Night Walking is a story about Anna, who along with her husband moves for the summer on an uninhabited island. He wants studies the behavior of puffins, and she can barely cope with an insomniac toddler and an equally difficult older son. Her life does not get easier when one day, she digs up a small child's skeleton in the garden. At the same time, the reader learns the story of May, a young girl who came to this island in the XIX century with the intention of spreading the principles of hygiene among the islanders living in primitive conditions. The book is a bit gloomy, but incredibly addictive, and Anna can look at her own life with detachment and humor.
S. K. Tremayne "The Ice Twins"
Cold and gloomy islands are a perfect background for crime stories. The Ice Twins takes place on a fictional island off the coast of Scotland. The family who is moving there is affected by a terrible tragedy - a year before one of the Moorcroft twin daughters died - Lydia. After moving, the sister suddenly reveals that she is actually Lydia. The atmosphere is dense, and reading is difficult to tear.
Adam Nicolson "Sea Room: An Island Life"
It is so strange that in today's ten there are many authors, which I really like and have been faithful to for years. Adam Nicolson is also one of my favorites. I met him thanks to a book about Sissinghurst - one of English residences with a fascinating history, for which Nicolson got the Ondaatje award. Then I read his story about years spent in the English countryside, in Sussex, and I learned that Nicolson knows how to tell stories about everyday life and nature around him in a funny and poetic way.
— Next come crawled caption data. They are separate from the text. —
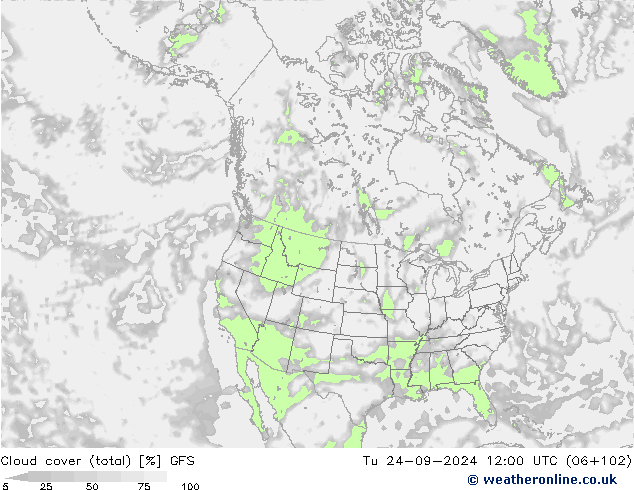 Wolken (gesamt) GFS Di 24.09.2024 12 UTC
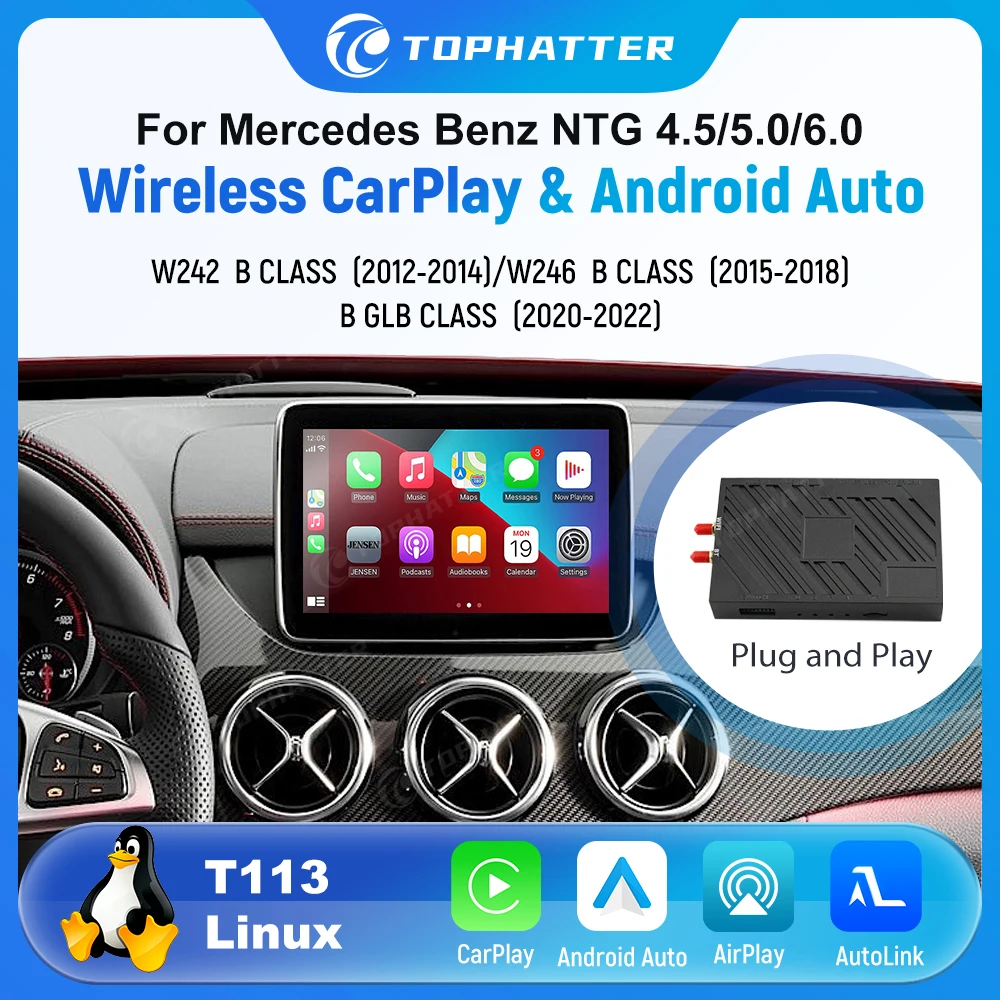 

Car Decoder Linux for Mercedes-Benz W242 B W246 GLB 2012-2022 Android Auto CarPlay Interface Box Upgrade HD Video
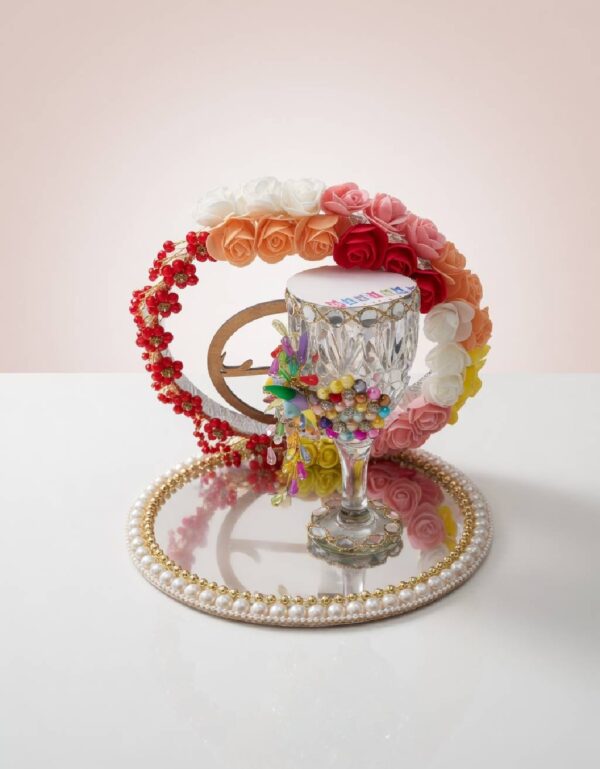 Handcrafted Doodh Pilai Rasam Tray Set Pakistani Wedding Milk Ceremony Decor by Lawat Co.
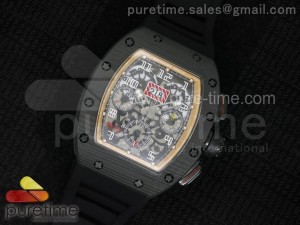 RM 011 PVD Forge Carbon Gold Inner Bezel Skeleton Dial on Black Rubber Strap A7750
I liked those unpretentious, beautifully written memories and started to reach for other books by the author. Sea Room is probably my favorite title. This is a wise, passionate and delightful book. At the age of twenty-one, the author inherited three small islands located in the Hebrides. These islands, bought years ago by the author's father, become for Nicolson not only a repository of memories, but above all a place of escape. It is beautifully written and I want to read this book again.
Kathleen Jamie "Findings"
I repeat this few times but the language of many of the books I wrote about is poetic, and I would like to use this adjective no more, but in the case of Findings I have to. Kathleen Jamie is first and foremost a recognized and award-winning poet, while Findings is her thoughts on traveling around Scotland, including the Orkneys. This is a thin book that you read slowly, with a pencil in hand, delighting with elaborate language and with the author delighting the world. A must read!
Peter May "The Blackhouse"
Black House and the next two parts of the series: The Lewis Man and The Chessmen are a sensational series of detective stories that are not exactly detective stories. It is rather a moral novel with a criminal plot, embedded in the realities of the island of Lewis. Their hero is a Finn, a policeman from Edinburgh, in various ways associated with the island. The matters he deals with are complicated, and to solve them, you will often have to penetrate deeply into the local community and understand the laws that govern it, as well as learn the secrets.
Ann Cleeves "Raven Black"
This book is the first part of the so-called Shetland cycle, that is, detective stories that take place in the Shetland Islands. They are true criminal stories, with a somber policeman in the lead role, a small community of the island and with interesting criminal riddles that are not so easy to solve. BBC made the series based on this series.
Fred Bodsworth "The Strange One"
I hesitated to put this book in today's list, because the truth have to be said, only a small part of the action is taking place on the Scottish island. However, this is one of the titles that I associate the most with Scottish islands, and the journey to the island of Barra and observations of birds living there for years are high on the list of my dream travels. It is a story about a white billed goose who loses his pack and goes to Canada, and a young writer who falls in love with an Indian woman. Beautiful and wise novel, wrongly somewhat forgotten.
Do you know any of the titles? Or maybe you will add other books that take place on Scottish islands or just in Scotland? Perhaps dozens of Scottish, but not necessarily island titles will appear here too soon!